By
Howard Ho
Daily Bruin Contributor
Love's triumph may seem all too hackneyed a theme for modern
listeners, but Saturday night the Los Angeles Philharmonic
forcefully revived it. Though Schoenberg may have been Brahms with
wrong notes, the Philharmonic placed the two great composers side by
side in a somewhat risky program. The result of this pairing
promptly melted away any doubts the listener might have as to the
existence of beauty in the world.
Schoenberg's "Pelleas and Melisande" began the concert with an
ominous air. The tone poem was an early Schoenberg work and,
therefore, did not have the screeches and wails that his later style
demanded. Indeed, though the piece caused a bit of a controversy in
its premiere about 100 years ago, the emotions of the music
resonated today in a most loving manner. People who still regard
Schoenberg as the guy who destroyed classical music actually ought
to listen to his compositions.
The music depicts a love triangle that ends in tragic death.
Though composed in the early 1900s, it harkens back to the Romantic
era with its lush chromatic harmonies and orchestrations. For
example, the opening features only the winds and low string
instruments, making the violin entrance such a powerful statement
when it arrives.
The use of motifs, or recurring themes, plays a great role even
though they are not obvious melodies like those in Gershwin tunes.
In a Wagnerian mode, Schoenberg pulls out a piece that never
resolves, instead it aches endlessly for its fulfillment, which
never arrives.
Esa-Pekka Salonen conducted quite intensely, especially at the
climaxes that dotted the musical landscape. The clarity of this
dense music found its way into a clean, but deeply felt
interpretation. The huge orchestra, including eight French horns,
four trumpets, five trombones and eight timpani, created an equally
large sound, aided with only a small microphone boost. The 40-minute
piece stirred the imagination and allowed the Philharmonic to show
off with Schoenberg's dazzling orchestral colors.

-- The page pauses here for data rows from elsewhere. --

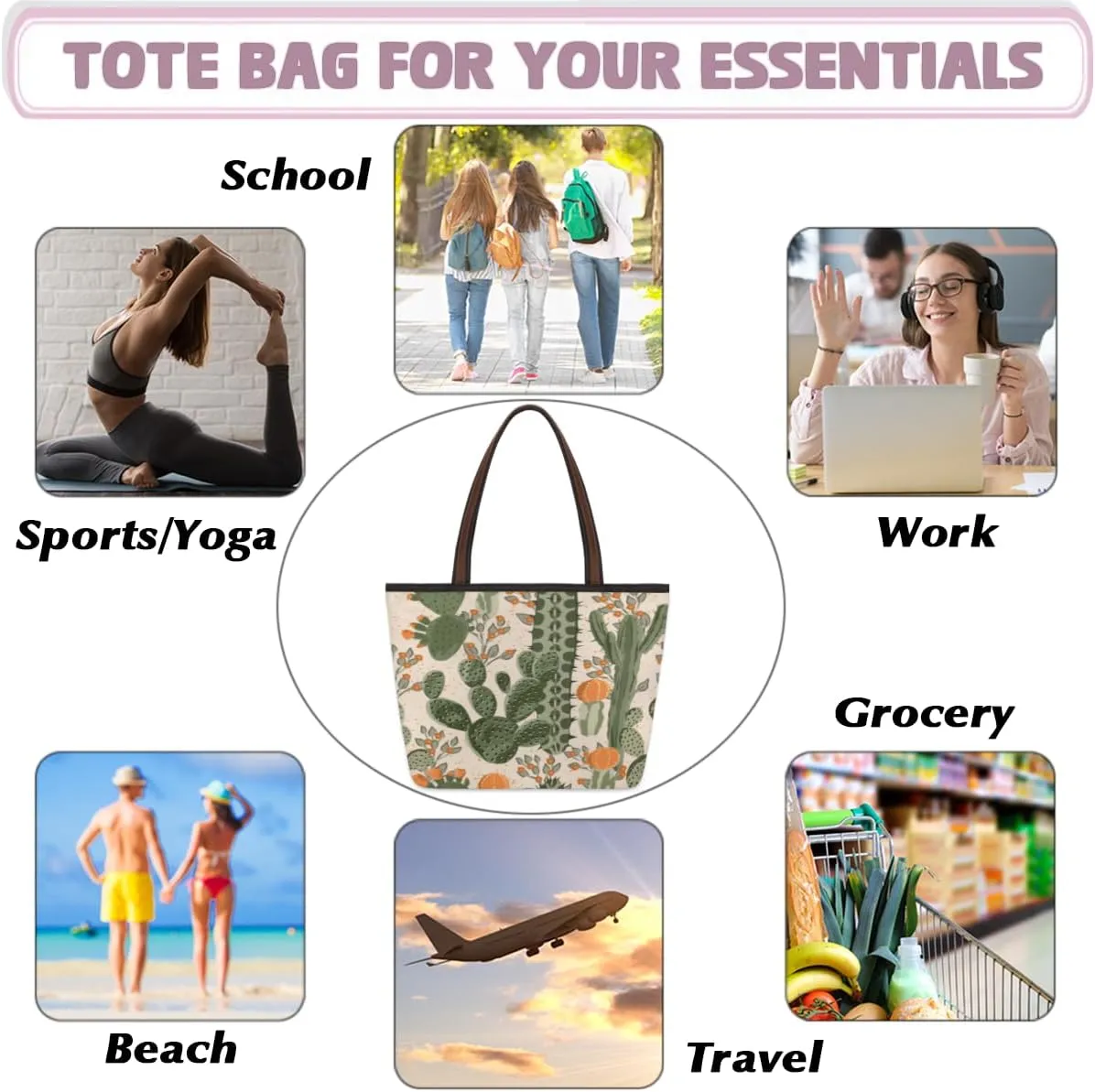 Tote Bag for Women with Zipper Large Capacity Top Handle Casual Shoulder Bag Handbag Reusable Shopping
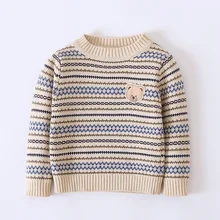 Детский свитер, новинка года, осенне-зимний вязаный кардиган, пальто для мальчиков и девочек, Полосатые свитера с длинными рукавами и вышивкой медведя для детей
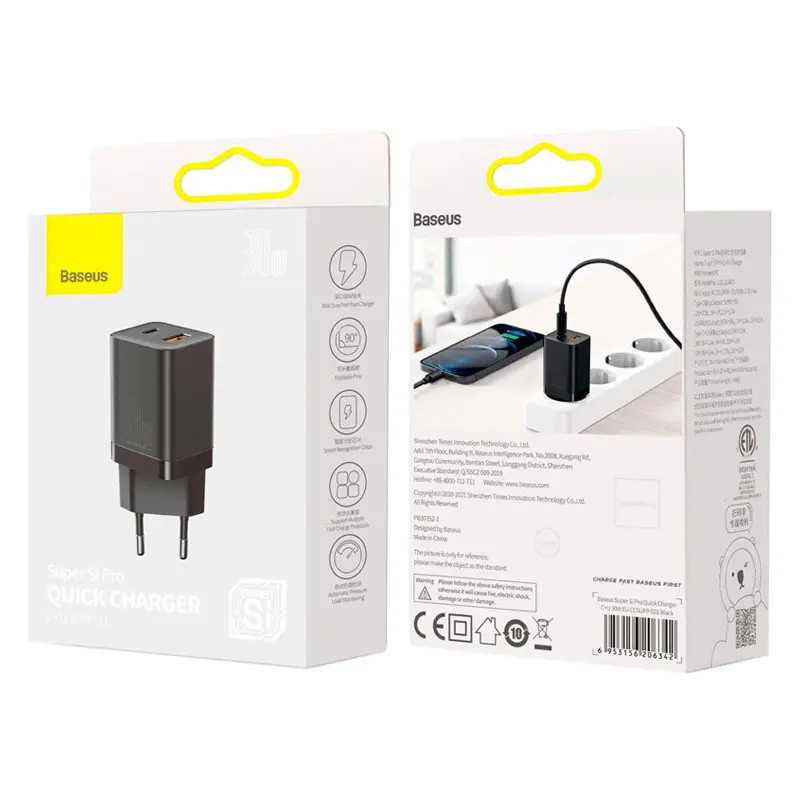 Купити МЗП Baseus Super Si Pro Quick Charger PD30W+QC3.0 (1USB-A/1C) (CCSUPP-E)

The second piece of the night, however, focused on Helene
Grimaud, the French pianist who played earlier last year at the
Hollywood Bowl. In Brahms Piano Concerto No. 1, Grimaud held the
stage with such passion that her applause would have lasted much
longer had the orchestra not left hastily. The piece began much as
Beethoven's Ninth Symphony begins, displaying Brahms' devotion to
the Beethovenian model. Both pieces are in D minor and both end
victoriously. In the concert, however, the victory was not simply
for that piece of music, but for the entire night at the concert. In
a sense, Brahms resolved Schoenberg.
The first two movements of the concerto seemed to be general
material, passionate but not terribly virtuosic in the way of
Rachmaninoff or even Chopin. Having been originally composed as a
sonata for two pianos, the concerto felt bare at times, though the
Philharmonic worked very hard to give it fullness. Grimaud sparkled
with the demanding trills and scalar passagework.
However, it wasn't until the final movement that the whole
concerto and even the whole concert began to make sense. The
Philharmonic strategy seems to be play an old war horse last so that
you can make people stay for a riskier piece. Indeed, Brahms
provided the war horse and Schoenberg the element of risk. Yet the
concert worked on the even greater level of being the Romantic
answer to cynicism the same way Beethoven's Ninth was his answer to
the disillusionment of the French Revolution.
Wiping away the cobwebs, Salonen's Philharmonic seems ripe and
ready to make Los Angeles a major classical musical.